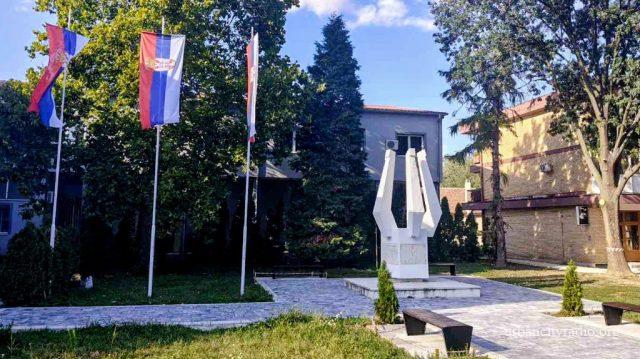 malo crniće spomenik 2025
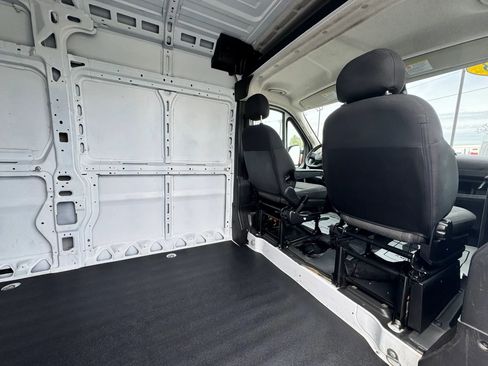Used 2023 RAM ProMaster 2500 FWD image 25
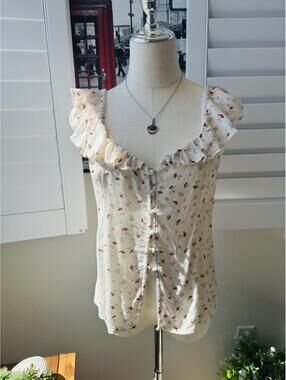 H&M Floral Ruffle Button-Front Top Size M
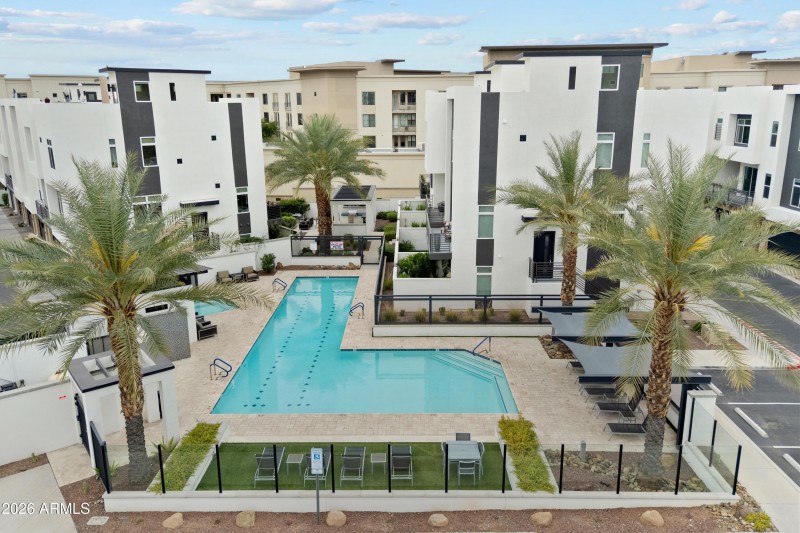 46_1717 e morten ave-45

+-------+

Brief:
Give back the material word for word and drop the pictures it holds.

Result of this task:
 malo crniće spomenik 2025
Used 2023 RAM ProMaster 2500 FWD image 25
 H&M Floral Ruffle Button-Front Top Size M
 46_1717 e morten ave-45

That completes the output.